Although some viewers may be sympathetic towards Aqualung, he is still alone. Even if a passerby donates some change, he/she can not stay with him, offer him company in his solitude. Furthermore, the rest of society still shuns him. “The army’s up the road” is society, which continues to alienate and scorn him. Now, Aqualung expects to passed by and scoffed at and stereotypes the members society, just as they do to him. He fears those who are not homeless, just as they fear him.

passed by2

Aqualung is passed by and ignored all too often.

passed by

“Feeling alone, the army’s up the road…”

“Do you still remember
The December’s foggy freeze —
when the ice that
clings on to your beard was
screaming agony.
And you snatch your rattling last breaths
with deep-sea-diver sounds,
and the flowers bloom like
madness in the spring.”

Ian Anderson now brings the tale to a close, in which he describes in detail Aqualung’s demise. He describes the painfully icy winters that Aqualung had to endure throughout his life. The cold may not be the only pain in Aqualung’s life that Anderson is describing. The “foggy freeze” could also be referring to the icy personas of ignorant passersby. The “ice that clings on to your beard” is a metaphor the fact that he is judged based on his appearance. An unkempt beard is Aqualung’s trademark as well as a reason to deem him “uncivilized”. The ice clinging to his beard symbolizes the stereotypes associated with his unruly facial hair. Now, Aqualung takes his “rattling last breaths” and emits “deep-sea-diver sounds” (a reference to an actual aqualung used in scuba diving), but as he passes on “the flowers bloom like madness in the spring”. I believe that these flowers represent the fact that goodness can exist even in the darkest of places. Amidst all of the December fog, there was still the viewer who saw past Aqualung’s physical features and sympathized with him. This person is a miracle flower growing in the middle of an icy December, a beacon of hope to an otherwise lost and hopeless man.

giving to the homeless

Flowers blooming like madness.

Aqualung is essentially the story of how ignorance leads to suffering, while an open mind brings hope to others. An open mind that can sympathize with others is a miracle, like flowers blooming in December. Someone once told me that when a homeless person is begging for spare change, try to offer something if you can. Even if he or she is obviously drunk and probably plans on using it to buy another drink, try to help, because if another drink gets them through the day, so be it. If he or she can get through the day, and the next day, and the next, then perhaps, with hope, he or she can get through to a day when they are able to get back on their feet. We will never know how Aqualung got to where he is, but that doesn’t matter. All that is important is that he is another human being who needs your help to make it through the day. If we could all just simply overcome our prejudices on physical appearances and social standings, then we could perhaps grow a garden of miracle flowers and conquer the foggy December of society.

seeking human kindness


Thank you all so much for your support.

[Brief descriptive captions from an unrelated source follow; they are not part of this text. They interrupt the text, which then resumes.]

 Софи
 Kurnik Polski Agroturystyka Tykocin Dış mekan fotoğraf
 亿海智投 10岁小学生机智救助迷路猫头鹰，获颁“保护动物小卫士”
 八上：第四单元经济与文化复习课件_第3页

Once again, these interpretations are all my own and if you have any questions, comments, concerns, or questions, just let me know. Kudos to Ian Anderson for this awesome song and remember, anyone can make an impact on anyone’s life.

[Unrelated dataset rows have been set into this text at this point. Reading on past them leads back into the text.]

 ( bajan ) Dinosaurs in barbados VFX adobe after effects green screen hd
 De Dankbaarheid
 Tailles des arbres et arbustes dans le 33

2 thoughts on “Aqualung – Jethro Tull

    • Actually, although the song does make references to Aqualung “eyeing little girls with bad intent”, Ian Anderson actually did intend for the song to be about a homeless person. He claimed that is was a “a guilt-ridden song of confusion about how you deal with beggars, the homeless,” and that “It’s about our reaction, of guilt, distaste, awkwardness and confusion, all these things that we feel when we’re confronted with the reality of the homeless. You see someone who’s clearly in desperate need of some help, whether it’s a few coins or the contents of your wallet, and you blank them out. The more you live in that business-driven, commercially-driven lifestyle, you can just cease to see them.” Although the character of Aqualung could still be a pedophile, he is also homeless and Ian Anderson’s message when writing the song was for it to be about human perspective, not Aqualung’s morality.